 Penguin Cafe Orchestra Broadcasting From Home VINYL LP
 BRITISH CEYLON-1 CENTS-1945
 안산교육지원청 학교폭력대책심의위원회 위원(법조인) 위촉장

========

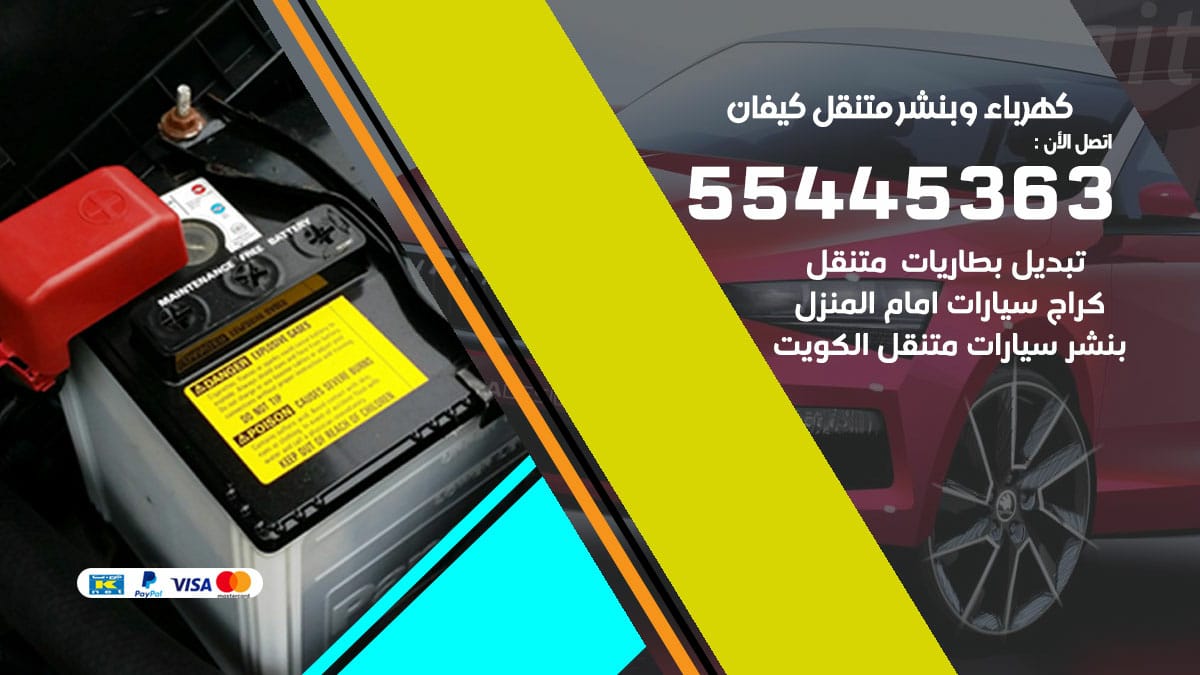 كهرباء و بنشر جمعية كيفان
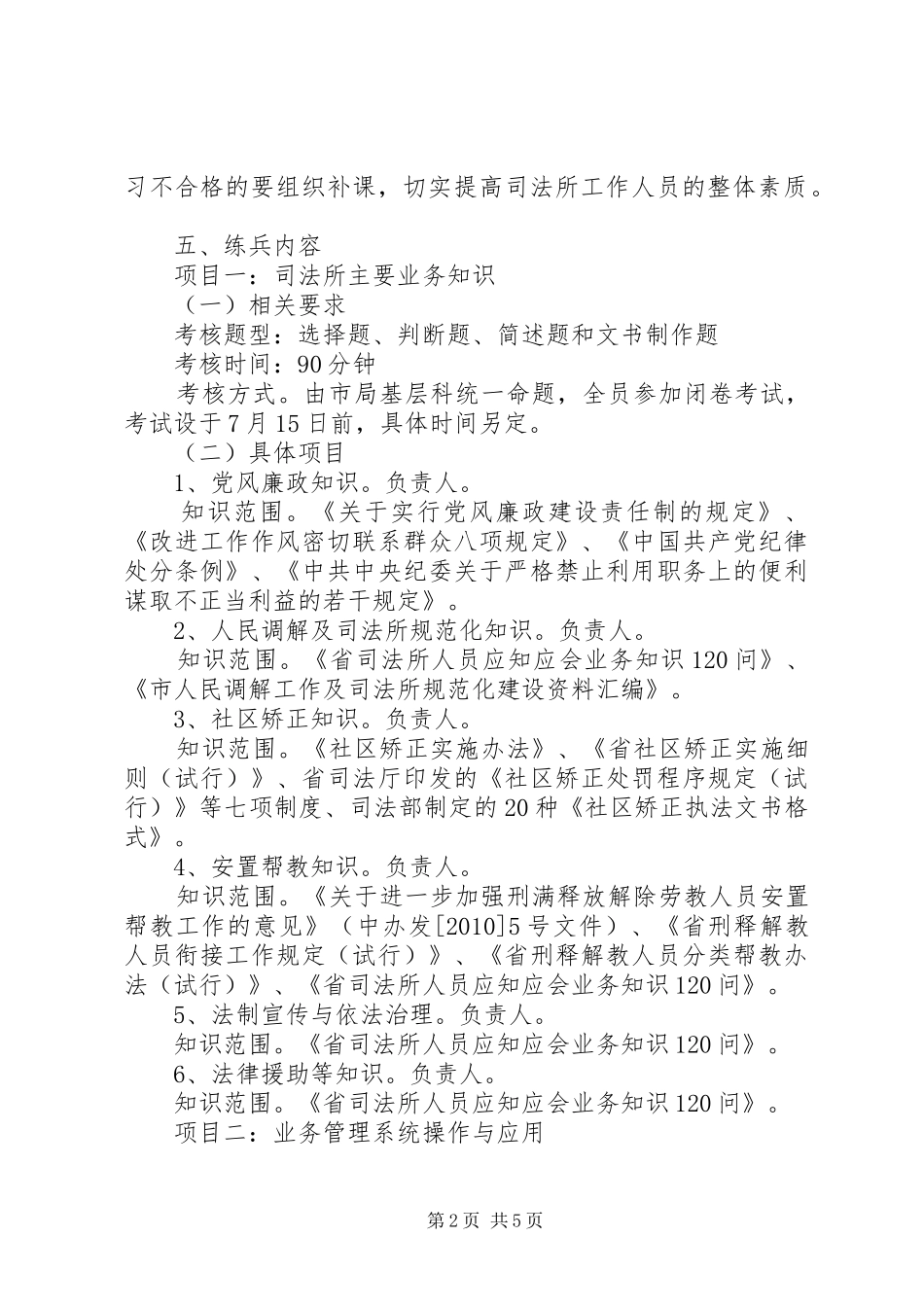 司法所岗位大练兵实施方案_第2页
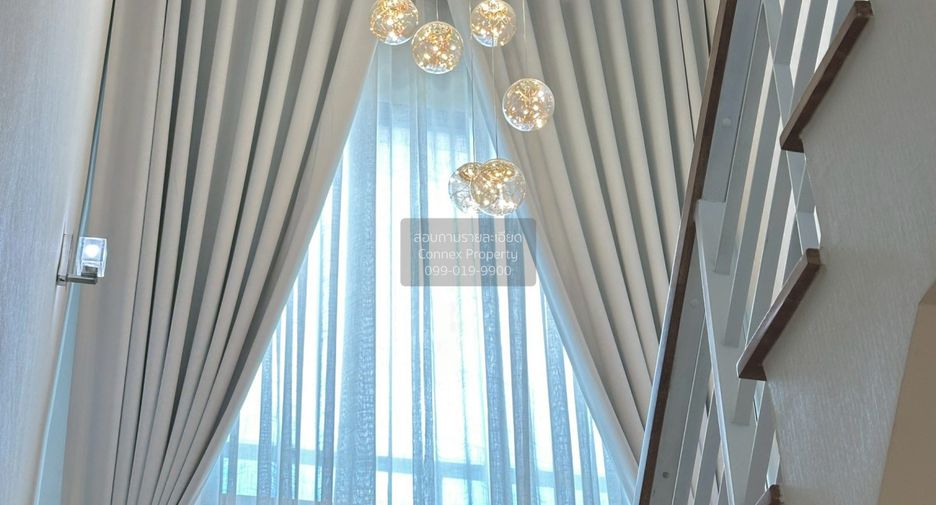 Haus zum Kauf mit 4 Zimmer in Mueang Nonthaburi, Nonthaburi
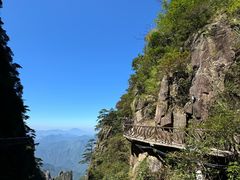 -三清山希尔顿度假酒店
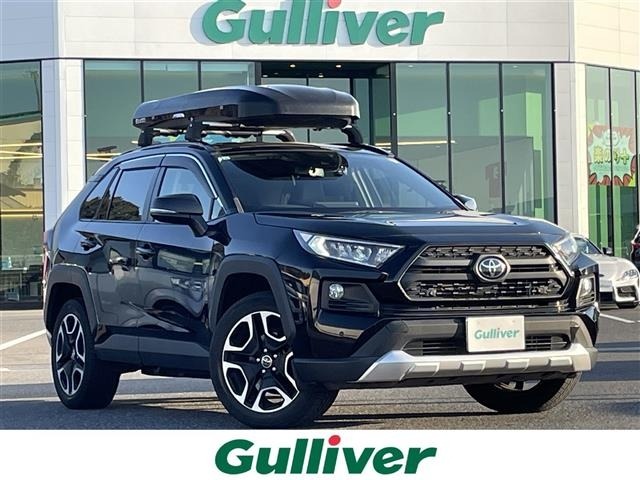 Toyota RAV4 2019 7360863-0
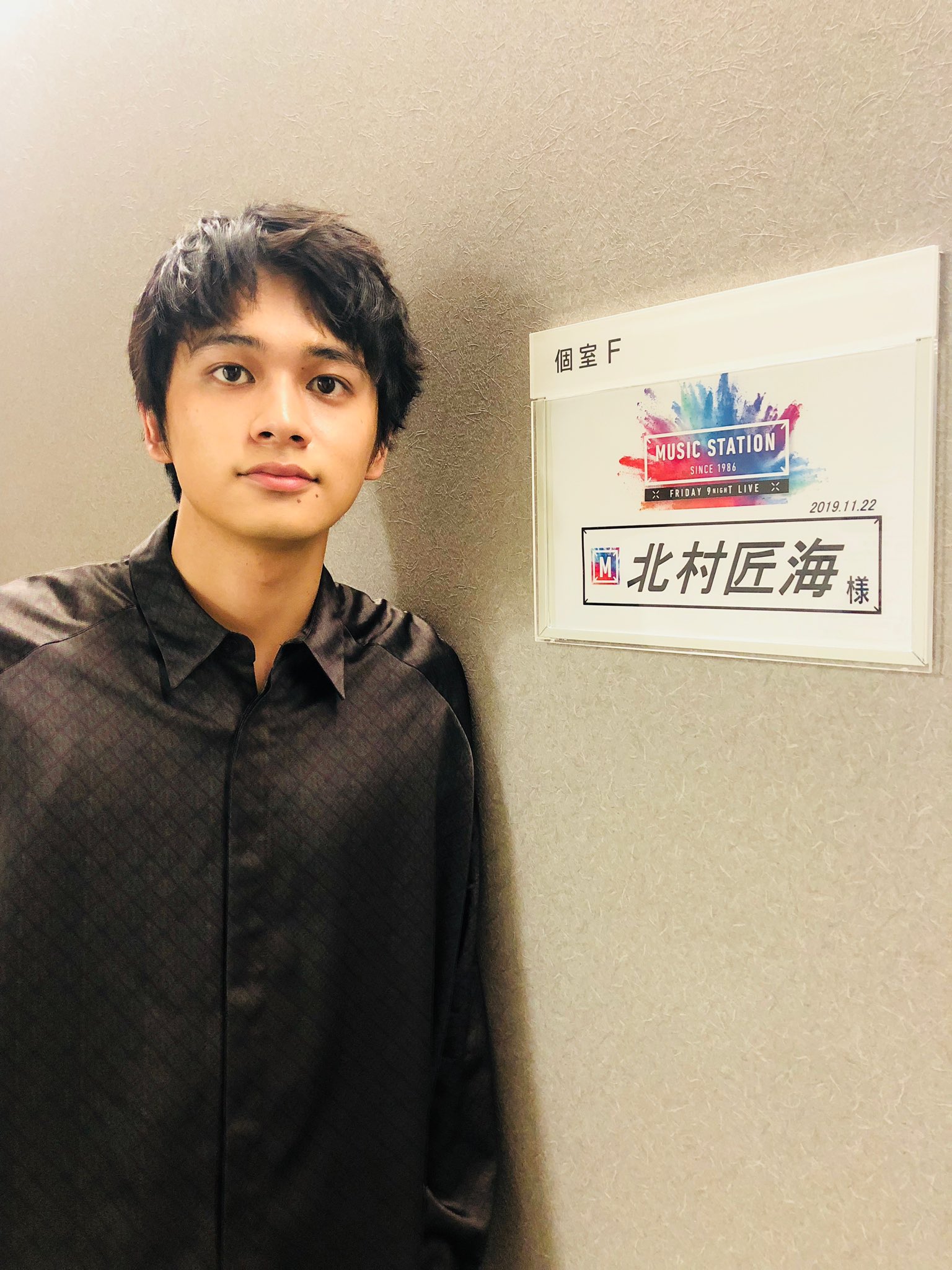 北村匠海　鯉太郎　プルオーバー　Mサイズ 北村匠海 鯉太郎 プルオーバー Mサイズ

========

Your goal:
Would you please reproduce the entries above, starting at the line with "Haus zum Kauf" and stopping after the line with "北村匠海　鯉太郎　プルオーバー　Mサイズ 北村匠海 鯉太郎 プルオーバー Mサイズ"? Omit any pictures.

Task solution:
 Haus zum Kauf mit 4 Zimmer in Mueang Nonthaburi, Nonthaburi
 -三清山希尔顿度假酒店
 Toyota RAV4 2019 7360863-0
 北村匠海　鯉太郎　プルオーバー　Mサイズ 北村匠海 鯉太郎 プルオーバー Mサイズ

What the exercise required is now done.